Controlled natural languages have been created for a similar purpose; they aim to make verbalisation more robust. A Controlled Natural Language is a language which is unambiguous and well defined; this is in contrast to natural language which is arguable neither.

Research has been done on verbalising Controlled Natural Languages since the mid-1990s, it is however even more pressing since the adoption of OWL as a standard and the development of the semantic web. It is still being explored as researchers attempt to map OWL ontologies to controlled English. An example of this is Attempto Controlled English (ACE) which has a well-defined syntax in order to curb ambiguity.

Ontologies are generally created by logicians and domain experts working together. The domain experts are the ones with the knowledge which needs to be expressed, and the logicians are those who can express this knowledge correctly in an ontology. Due to the fact that domain experts are very seldom logicians, this process is hugely collaborative. The problem with collaborating in this manner is that knowledge is often lost during the collaboration process. In order to make sure that the final ontology is created in a manner which makes sense, the domain expert needs to be able to check and reason through the axioms which are created.
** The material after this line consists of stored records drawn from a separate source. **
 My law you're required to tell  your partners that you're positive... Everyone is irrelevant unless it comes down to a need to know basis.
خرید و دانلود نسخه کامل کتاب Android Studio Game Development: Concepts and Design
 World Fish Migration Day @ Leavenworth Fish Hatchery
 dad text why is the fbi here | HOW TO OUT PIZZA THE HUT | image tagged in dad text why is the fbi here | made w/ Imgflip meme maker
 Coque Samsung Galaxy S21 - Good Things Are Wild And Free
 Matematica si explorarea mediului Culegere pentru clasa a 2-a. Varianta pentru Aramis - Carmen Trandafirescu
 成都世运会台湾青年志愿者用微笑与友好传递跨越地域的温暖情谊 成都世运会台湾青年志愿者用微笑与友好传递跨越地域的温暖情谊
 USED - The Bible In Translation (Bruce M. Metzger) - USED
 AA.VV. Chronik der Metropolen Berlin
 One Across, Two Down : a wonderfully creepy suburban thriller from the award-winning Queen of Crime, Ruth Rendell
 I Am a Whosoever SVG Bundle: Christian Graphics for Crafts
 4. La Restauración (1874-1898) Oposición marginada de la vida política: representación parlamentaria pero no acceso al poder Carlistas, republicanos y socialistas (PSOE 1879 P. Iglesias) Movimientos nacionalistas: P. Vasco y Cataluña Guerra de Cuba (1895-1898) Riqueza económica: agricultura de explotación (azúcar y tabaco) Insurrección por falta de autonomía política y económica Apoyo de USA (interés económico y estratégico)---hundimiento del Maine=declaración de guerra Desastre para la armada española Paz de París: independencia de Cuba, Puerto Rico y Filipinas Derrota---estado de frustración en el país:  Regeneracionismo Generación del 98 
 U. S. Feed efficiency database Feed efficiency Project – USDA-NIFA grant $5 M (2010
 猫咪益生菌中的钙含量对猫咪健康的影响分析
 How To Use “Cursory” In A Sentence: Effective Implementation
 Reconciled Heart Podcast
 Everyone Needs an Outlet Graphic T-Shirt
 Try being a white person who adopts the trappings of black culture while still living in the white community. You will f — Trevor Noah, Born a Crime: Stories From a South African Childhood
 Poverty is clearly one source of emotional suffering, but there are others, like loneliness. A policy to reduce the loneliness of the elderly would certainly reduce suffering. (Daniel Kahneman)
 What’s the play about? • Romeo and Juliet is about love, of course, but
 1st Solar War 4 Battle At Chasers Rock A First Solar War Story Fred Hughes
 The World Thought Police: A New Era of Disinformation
Most work on ontologies is done in English, and while various efforts have been made to include other languages, the other languages which are represented are mainly Indo-European. This is merely a side effect of the fact that most of the work being done in ontology engineering is in Europe and North America; however, there has been some work locally. Keet & Kumalo have put together some initial steps for a template which verbalises in isiZulu. The lack of support for African languages is troubling and is a hugely untapped area for research.

Ontologies are expressed in a manner which is hard for non-logicians to understand. Tools exist, such as Protégé – A tool which helps with the creation of ontologies – however the representation created is still only in Manchester Syntax at best. Manchester Syntax was created to be less like Description Logic, however it is still significantly less understandable than normal language. An example of Manchester syntax is given below:

Class: VegetarianPizza
EquivalentTo: Pizza
    and not (hasTopping some FishTopping)
    and not (hasTopping some MeatTopping)

This expresses the fact that a vegetarian pizza has no meat or fish toppings in a semi confusing manner. Controlled natural languages are used as a common solution to this problem and are often closely tied to ontology verbalisation.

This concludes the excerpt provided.